TODD: Who knew that was possible?

PLETKA: …I really was surprised but, you know, when we see this, we see an administration struggling, running to keep up with him, to execute the increasingly random things that he’s saying. That, that, that is also a crisis, in my opinion, because if this gets worse, we are looking at another year and a half of, of mismanagement, of lack of governance and of genuine democratic crisis. 

TODD: Well, here’s the other part of it, and, which is, and this was a part of this that I don’t… why take away the money from the Central American countries? And of course, I was trying to get at like there is no…we have no consistency in our foreign policy. What we’re doing in Venezuela and, I mean, you, it’s…now, there is some political ramifications for Venezuela. It’s called Florida’s electoral votes. 

HUNT: Indeed. I mean, Chuck, the root of the question, I think is is this about policy or is it about politics? I mean, do they really want to solve the crisis? Because, I mean, I do think, you know, our system has for many years functioned that way, we have solved big problems in the past. We don’t have the greatest immediate track record but that doesn’t mean that we couldn’t do that. But there’s no…the trust has broken down because the sense is, I mean, why? That is…the best point is, why are you to take that money away when we know that it helps stem the root of the problem if you’re the President? It just indicates to others he wants…this is a political thing for him. 

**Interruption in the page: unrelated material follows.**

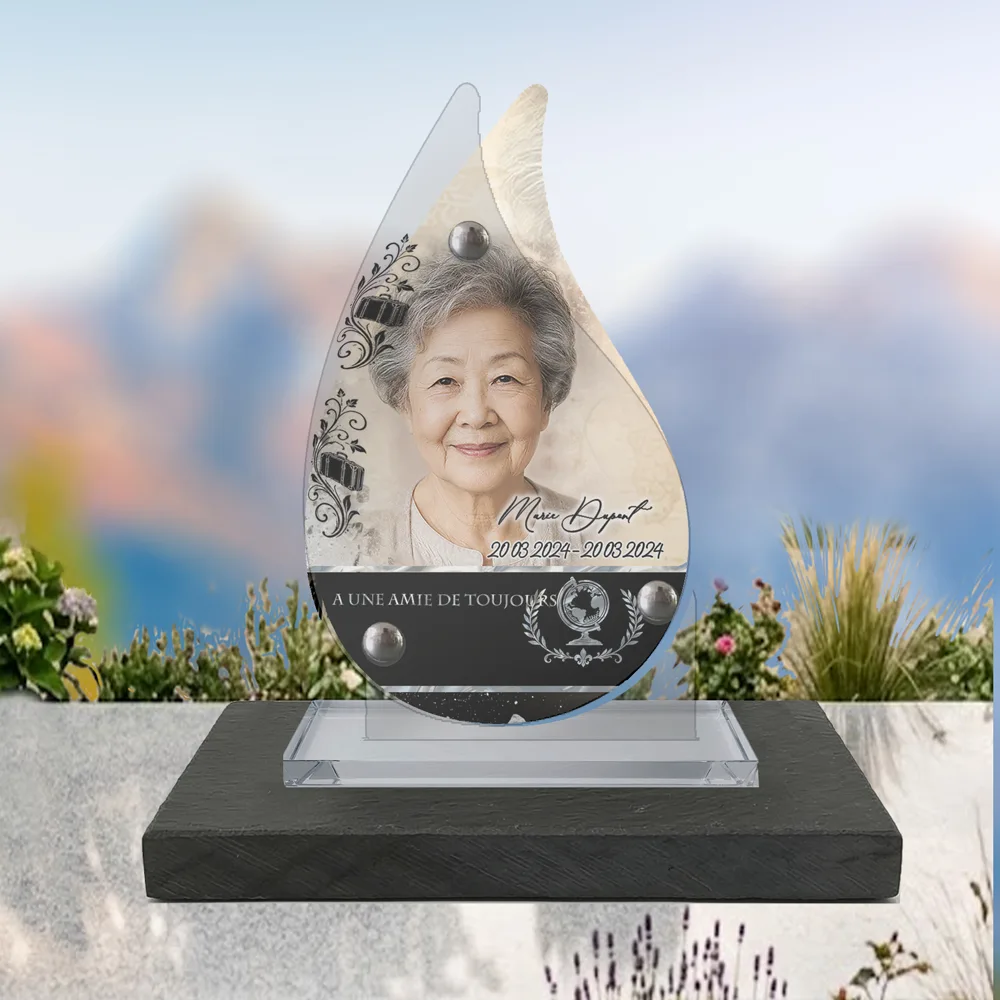 Plaque Flamme Voyage à poser sur socle ardoise du Brésil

BROOKS: Can we not let the Democrats off the hook here on this one?

TODD: Right. They need to…

BROOKS: A lot of them are still saying there’s no crisis and then they’re, they’re strangely mute on what to do. And I think, the core problem is they don’t know where their base is on immigration.

TODD: That’s right.

BROOKS: Are we a zero…open borders party? Where are we? And they don’t want to get on the wrong side of the Twitter mobs, and so it’s just lay low, lay low, lay low, or just be abstract. 

TODD: Eugene? 

ROBINSON: I don’t think it is, it is an open borders position to say, to, to, to question the use of the word crisis. Maybe you can use that word, you can not use that word. It’s a lot of people who are coming in, but we are able to handle it. You know, this is…this, it’s not hoards and hoards invading in the way that the President describes the caravan. In fact, there is a process and people get to apply for asylum. We can look at the asylum laws if you want to, if you want to look at that, but we have laws and we ought to follow them. 

BROOKS: There are 700,000 people coming this year and they’ll wait until 2021 until they get a hearing. 

PLETKA: Right. This is, this is, this is a crisis in every sense of the word. You’re right. We shouldn’t get into semantics about this. But, but the President gets…this is a sanctuary city play. He gets that the Democrats are in a very, very invidious position here.